Maximum string length: 2500
negative_prompt
string

Negative text prompt. Cannot exceed 2500 characters.

Maximum string length: 2500
multi_shot
boolean
default:false

Whether to generate a multi-shot video.

  • true: Enable multi-shot mode. prompt is ignored; use shot_type and multi_prompt instead.
  • false: Single-shot mode (default).
shot_type
enum<string>

Shot segmentation method. Required when multi_shot is true.

  • customize: Custom shots, requires multi_prompt.
  • intelligence: AI-generated shots, requires prompt.
Available options:
customize,
intelligence
multi_prompt
object[] | null

Shot prompt list for multi-shot videos.

  • Max 6 shots, min 1 shot.
  • Each shot prompt max 512 characters.
  • Each shot duration must not exceed total duration and must be >= 1.
  • Sum of all shot durations must equal total task duration.

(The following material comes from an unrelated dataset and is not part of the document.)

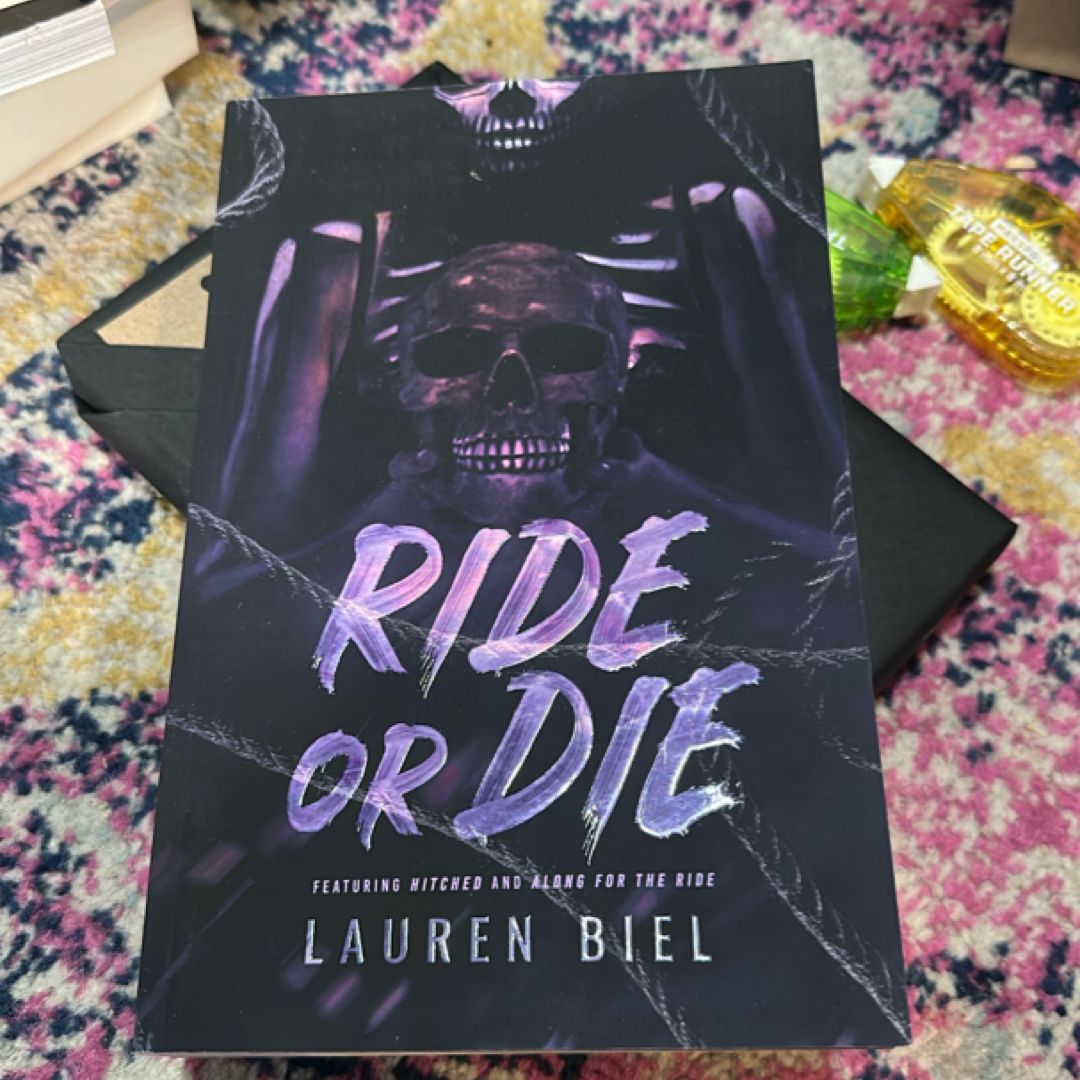 Ride or die- blackout romance 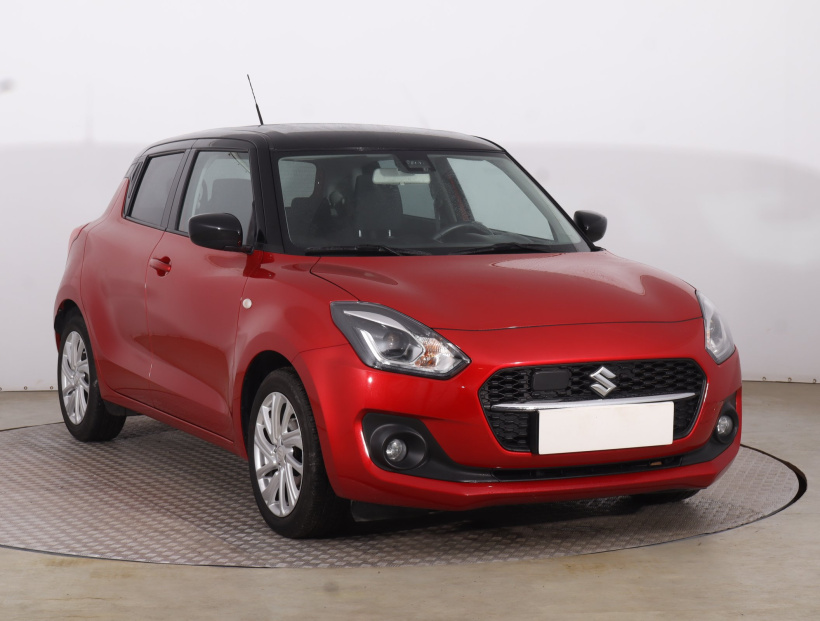 Suzuki Swift, 2023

Required when multi_shot is true and shot_type is customize.

Required array length: 1 - 6 elements
sound
enum<string>
default:off

Generate audio simultaneously when generating videos.

  • on: Enable audio generation
  • off: Disable audio generation (silent video)
Available options:
on,
off
mode
enum<string>
default:std

Video generation mode.

std: Standard Mode (720P), cost-effective. pro: Professional Mode (1080P), higher quality video output.

Available options:
std,
pro
aspect_ratio
enum<string>
default:16:9

The aspect ratio of the generated video frame (width:height).

Available options:
16:9,
9:16,
1:1
duration
integer
default:5

Video length in seconds (3-15).

elements
object[] | null

Element definitions. Max 3 elements. Provide frontal and reference images. Use <<<element_1>>> in prompt to reference elements.

Required array length: 1 - 3 elements

Response

202 - application/json

Accepted - Task created successfully

task_info
object